4. LLVM's Greedy Allocator and Live-Range Splitting¶

LLVM's default allocator (greedy) is not pure linear scan and not pure graph coloring — it's a priority-based allocator built on live-interval analysis with aggressive live-range splitting:

Live ranges are prioritized (longer/hotter first) and assigned registers.
When a range can't get a register, the allocator tries splitting it (around a loop, at a block boundary, around a call) before spilling, so only the genuinely cold parts go to memory.
Rematerialization is preferred over spill/reload whenever the value is cheap to recompute (constants, simple address arithmetic), avoiding memory traffic entirely.

This captures the practical truth that all-or-nothing spilling is too coarse; the granularity of the split is where modern allocation quality comes from.

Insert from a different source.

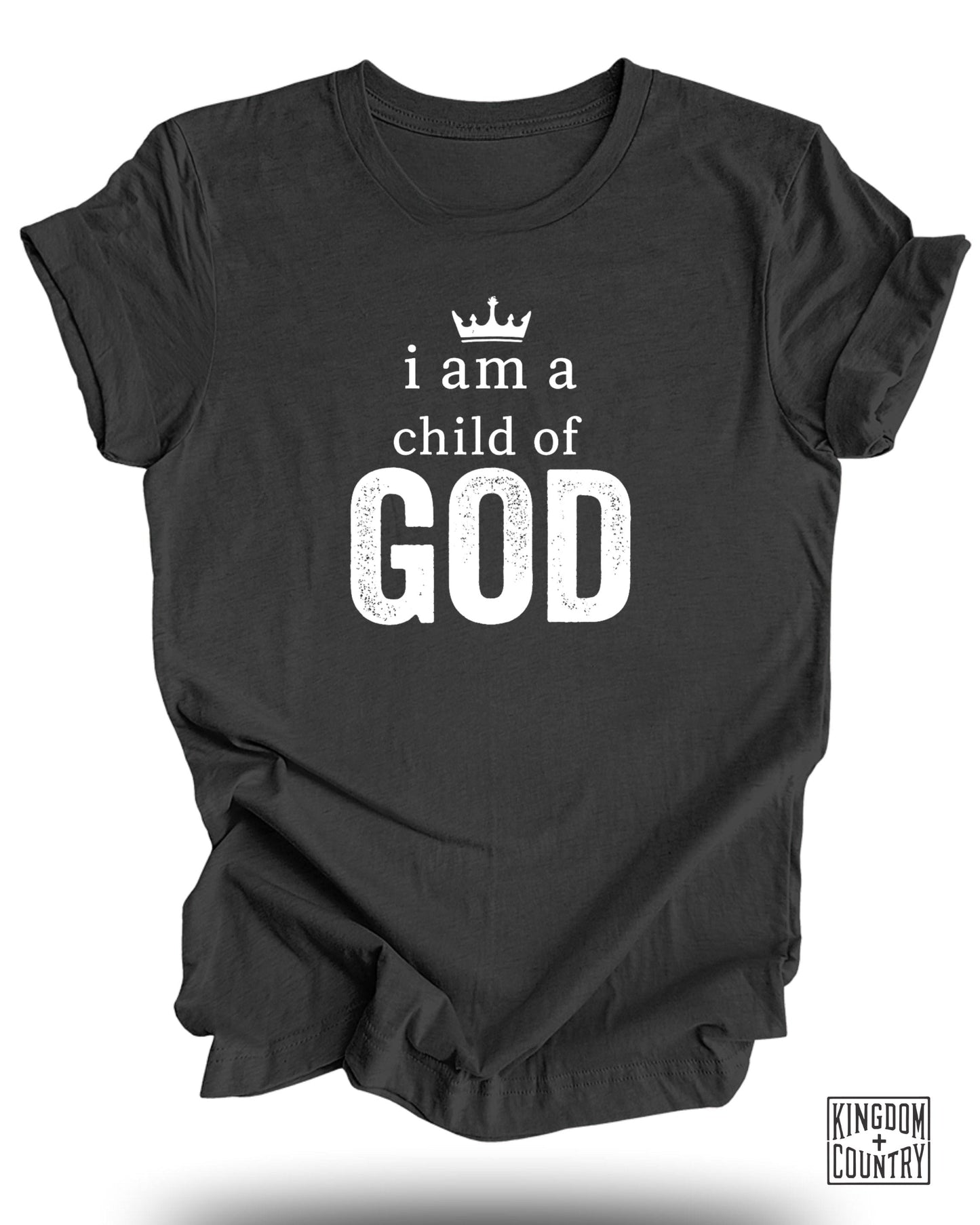 I Am A Child Of God Graphic Tee Shirt product type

5. Scheduling in a Modern Back End¶

Production scheduling happens in (up to) three places:

Pre-RA scheduling (on the SelectionDAG or MIR) — order to expose ILP while tracking register pressure, throttling parallelism before it forces spills. This directly addresses the phase-ordering conflict by making the scheduler pressure-aware.
Post-RA scheduling — after allocation, re-order to fix false dependences introduced by register reuse and to fill latency gaps now that real registers are known.
Machine pipeliner (software pipelining / modulo scheduling) for hot loops on in-order or VLIW targets.

The scheduler is driven by a machine model (per-instruction latency, throughput, functional-unit/port usage) — in LLVM, this is the per-subtarget scheduling model (itineraries or the newer per-subtarget SchedMachineModel). The model is microarchitecture-specific: scheduling for a Cortex-A53 (in-order) differs sharply from scheduling for a modern out-of-order x86 core, where the hardware reorders and the compiler's job narrows mostly to not creating long dependence chains and not over-pressuring registers.

6. The Phase-Ordering Battle, at Production Scale¶

The middle page framed the scheduling-vs-allocation conflict. At senior scale, the resolution strategies are concrete:

Pressure-aware pre-RA scheduling. Bound ILP exposure by tracking how close pressure is to K; back off when near the cliff.
Live-range splitting instead of spilling. Reduces the cost of having lost the phase-ordering bet — the spill is surgical, not wholesale.
Post-RA re-scheduling. Recover scheduling freedom lost to allocation's false dependences.
Integrated approaches (research and some production): combine selection/scheduling or scheduling/allocation into one ILP/heuristic formulation. Expensive; used selectively.

There is still no global optimum. The senior skill is knowing which compromise a given compiler made and how to nudge it (pass ordering, pressure thresholds, target hints).

7. Calling-Convention Lowering as a Back-End Pass¶

ABI lowering is a substantial, target-specific back-end stage, not a detail. It materializes:

Argument and return placement per the target ABI (System V AMD64, AAPCS64 for AArch64, the RISC-V calling convention). This includes classifying aggregates (split a struct across registers vs pass by hidden pointer), sret for large returns, and varargs handling.
Prologue/epilogue generation: claim the frame, align the stack to the ABI requirement, save callee-saved registers actually used, set up (or omit) the frame pointer, and emit the matching teardown.
Stack frame layout: spill slots, local variables, the red zone (System V allows 128 bytes below rsp without adjustment), and shadow space (Windows x64). Mistakes here corrupt the stack silently. (The cross-language consequences of this are the subject of the FFI section of this roadmap.)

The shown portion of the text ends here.